Tofaah's Female Percussionists:
Jessie Shechter has been one of Tofaah's female percussionists for many years. A classically trained musician, Jesse studied drums and percussions. She moved to Israel in 1989 from Miami Beach, Florida, and when she's not drumming, Jesse is also a talented photographer and videographer.
Jessie in Her Own Words
When did you start studying music?
I started playing violin, very badly I may add, at age seven. I quit when I was nine, thank G-d, and realizing that I had been blessed with rhythm, asked my parents for drums. I got them two years later and started playing around age 11. These days, I play mostly percussion and a bit of guitar.
My first drum teacher was my cousin Joel, and then I learned from a great teacher, David Fine. His uncle was first percussion chair in the New York Philharmonic. He was a very talented percussionist, and I learned on a really intense level with him.
I had started performing comedy routines in school when I was eight or nine, and done lots of plays (my mother, a"h
, was a drama teacher) so performing music was also comfortable for me. I think I was thirteen when I first started performing music.
How did you meet up with Tofa'ah?
I first saw Tofaah play a few weeks after I made aliyah. It was such an amazing joy to dance the night away on the roof of the Israel Center in Jerusalem!
Later, I filmed the band for promotional videos, so I got to know everyone as a videographer first, not as a musician. When the band's regular percussionists went on vacation, Yona needed a sub, so she asked me. I guess Yona saw that I fit in - that I had the right amount of "zany" - so the percussion section expanded. That was in 1993.
Female percussionists are still such a rare thing among Jewish musicians and in the world of Jewish music; what is that like for you?
Why is the "female" part of "female percussionists" the most defining?
I remember when I was in junior high and high school - people would say to me, "You're the best girl drummer I know."
So, in my humility (oy!) I'd ask them, "Am I the best drummer you know?" and often the answer was yes, which then led to the question, "So, why do you call me a girl drummer - just call me a drummer!"
(It isn't just female percussionists or female drummers who get this. Same thing happens in photography - being called a "woman" photographer, instead of just a photographer.)
Of the hundreds of Tofaah concerts over the years, is there any particular one that sticks out in your mind as particularly memorable?

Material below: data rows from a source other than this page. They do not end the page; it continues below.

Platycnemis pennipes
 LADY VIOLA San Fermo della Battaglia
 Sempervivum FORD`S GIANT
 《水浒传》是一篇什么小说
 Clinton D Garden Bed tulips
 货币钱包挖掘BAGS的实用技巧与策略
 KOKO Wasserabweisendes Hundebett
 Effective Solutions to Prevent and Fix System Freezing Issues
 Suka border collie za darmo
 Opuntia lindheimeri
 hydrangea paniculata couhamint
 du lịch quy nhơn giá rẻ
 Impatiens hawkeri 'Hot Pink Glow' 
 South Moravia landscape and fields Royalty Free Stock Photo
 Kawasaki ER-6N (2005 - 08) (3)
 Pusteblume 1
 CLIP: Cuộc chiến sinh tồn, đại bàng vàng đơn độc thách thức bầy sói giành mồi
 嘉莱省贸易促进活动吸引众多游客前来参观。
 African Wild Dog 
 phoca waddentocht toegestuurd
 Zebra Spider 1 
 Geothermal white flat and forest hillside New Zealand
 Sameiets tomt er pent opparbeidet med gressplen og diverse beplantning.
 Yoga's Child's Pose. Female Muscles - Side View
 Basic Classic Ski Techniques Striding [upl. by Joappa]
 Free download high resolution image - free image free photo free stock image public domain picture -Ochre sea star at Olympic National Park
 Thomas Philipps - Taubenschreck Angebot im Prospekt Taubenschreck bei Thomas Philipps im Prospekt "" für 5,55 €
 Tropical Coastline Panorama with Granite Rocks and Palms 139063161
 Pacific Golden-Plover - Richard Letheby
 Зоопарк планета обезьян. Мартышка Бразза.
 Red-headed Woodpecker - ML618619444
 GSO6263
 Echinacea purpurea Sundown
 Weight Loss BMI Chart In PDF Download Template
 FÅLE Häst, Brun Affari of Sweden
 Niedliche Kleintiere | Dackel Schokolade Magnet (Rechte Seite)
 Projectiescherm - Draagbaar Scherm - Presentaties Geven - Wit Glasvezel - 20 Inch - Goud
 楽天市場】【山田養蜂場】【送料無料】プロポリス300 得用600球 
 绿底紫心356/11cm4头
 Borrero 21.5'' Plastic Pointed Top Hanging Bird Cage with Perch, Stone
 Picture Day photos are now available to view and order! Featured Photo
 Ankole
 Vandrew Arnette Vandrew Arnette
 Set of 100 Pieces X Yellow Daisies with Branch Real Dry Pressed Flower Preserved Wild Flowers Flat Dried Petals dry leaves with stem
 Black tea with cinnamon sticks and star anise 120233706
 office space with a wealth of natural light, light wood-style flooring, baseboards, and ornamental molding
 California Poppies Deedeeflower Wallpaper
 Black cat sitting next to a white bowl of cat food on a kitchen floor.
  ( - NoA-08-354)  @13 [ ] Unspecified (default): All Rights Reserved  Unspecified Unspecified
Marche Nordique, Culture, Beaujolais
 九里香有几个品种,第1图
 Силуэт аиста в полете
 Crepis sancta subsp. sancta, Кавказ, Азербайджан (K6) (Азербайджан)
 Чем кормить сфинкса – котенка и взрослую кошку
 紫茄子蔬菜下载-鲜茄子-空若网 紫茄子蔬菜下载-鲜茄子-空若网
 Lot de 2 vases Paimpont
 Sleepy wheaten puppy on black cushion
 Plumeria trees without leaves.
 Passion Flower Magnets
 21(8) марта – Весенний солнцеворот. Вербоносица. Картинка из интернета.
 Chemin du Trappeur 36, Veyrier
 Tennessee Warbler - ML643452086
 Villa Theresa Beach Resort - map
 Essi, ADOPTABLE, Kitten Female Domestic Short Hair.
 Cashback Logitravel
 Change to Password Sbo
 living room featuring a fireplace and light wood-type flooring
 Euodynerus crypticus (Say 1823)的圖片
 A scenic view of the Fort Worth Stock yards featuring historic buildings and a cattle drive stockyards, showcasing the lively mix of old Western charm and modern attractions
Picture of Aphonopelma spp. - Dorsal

At the first concert I played with the band, Mindy
performed a song Yona had just written. None of us had heard it before. It was so beautiful, the entire percussion section couldn't play for a few minutes afterwards because we were all crying. The song was Returning
(It's on the For All Time album
How does your music integrate with your Yiddishkeit? What is the role of music in your life?
Praising Hashem through music, singing a prayer, connecting with the ultimate Jewish songwriter, King David, is so important.
What do you seek to do, or put into the world, through your music?
I just love to bring simchah to Jewish women, and when I see all those happy faces, and women dancing and singing and enjoying and laughing - that's everything!